Comparison of Xpert MTB RIF (G4) With Xpert MTB (Ultra) in Diagnosis of Mycobacterium Tuberculosis in Clinical Samples

• Published in: Journal of Marine Medical Society Vol. 26; no. 3; pp. 382 - 385
• Main Authors: Mathew, Ann, Bhatt, Puneet, Ninawe, Sandeep Madhav, Patel, Ankita, Bahal, Ashish
• Format: Journal Article
• Language: English
• Published: India Wolters Kluwer - Medknow 01.09.2024; Wolters Kluwer Medknow Publications
• Edition: 2
• Subjects: Original Article; trace; xpert mycobacterium tuberculosis/rifampicin g4; xpert mycobacterium tuberculosis/rifampicin ultra; Trace; Xpert; rifampicin ultra; rifampicin G4
• ISSN: 0975-3605; 2589-1235
• DOI: 10.4103/jmms.jmms_156_23

Abstract Background: Tuberculosis (TB) continues to be a major cause of morbidity and mortality worldwide. The main strategy to fight the pandemic is the development of rapid, accurate diagnostic tests, which helps to reduce the time for initiation of therapy.
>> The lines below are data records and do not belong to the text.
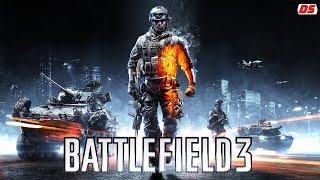 Battlefield 3. Полное прохождение без комментариев.
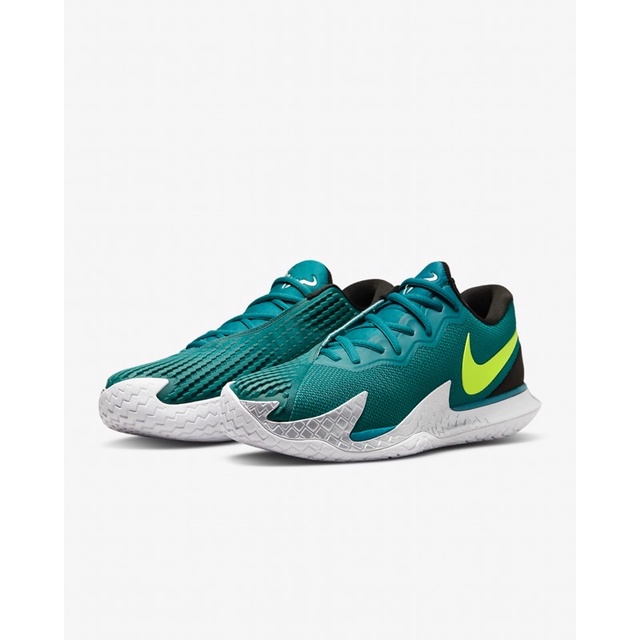 Nike Air Zoom Vapor Cage 4 納達爾 費德勒 Nadal 全新進化款 男子網球鞋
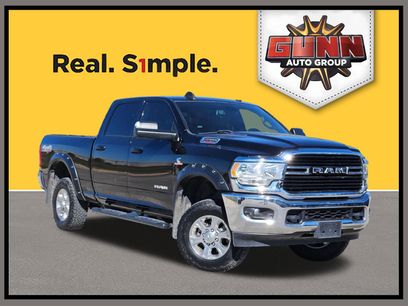 Used 2021 RAM 2500 Big Horn w/ Level 1 Equipment Group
In 2010, WHO recommended the use of Xpert Mycobacterium tuberculosis/rifampicin (MTB/RIF) (G4), which is a cartridge-based semi-automated nucleic acid amplification test (NAAT) as a primary test with an aim to improve the detection of MTB. Later on, to improve the diagnostic efficacy, the new and improved cartridges called Xpert Ultra were introduced in 2017. Materials and Methods: One thousand and sixty-nine clinical samples were utilized for the study for microscopy, culture, and NAATs (Xpert MTB/RIF G4 and Ultra). The samples were randomly allocated. Sensitivity, specificity, positive predictive value (PPV), and negative predictive value (NPV) were calculated while assuming trace results as positive and negative in two separate scenarios. Results: The sensitivity of Xpert MTB/RIF Ultra cartridge was higher (100%) than Xpert MTB/RIF G4 cartridge (95.23%) and the specificity of Ultra cartridge was lower (71.79%) when compared to G4 cartridge (91.63%). However, the specificity of Xpert Ultra cartridge improved by reclassifying the "trace" interpretation as negative (89.1%). The NPV was 100% and 99.09% for Xpert Ultra cartridge and the Xpert G4 cartridge, respectively, and did not change by reclassifying the "trace" interpretation as negative. In contrast, the PPV varied greatly between the two tests, 26.66% for Xpert Ultra cartridge and 66.66% for Xpert G4 cartridge. The PPV of Xpert Ultra cartridge was improved to 48.48% by including "trace" samples in the negative pool. Conclusion: Xpert Ultra and G4 shows good performance as a first line diagnostic test. Caution should be exercised when interpreting 'trace' results in a country like India without parallel confirmatory tests like microscopy and culture. Data is limited on this newly incorporated value assigned in the automated report. Conducting further studies on results interpreted as 'trace' will help in improving the guidelines and as well as utilisation of such tests.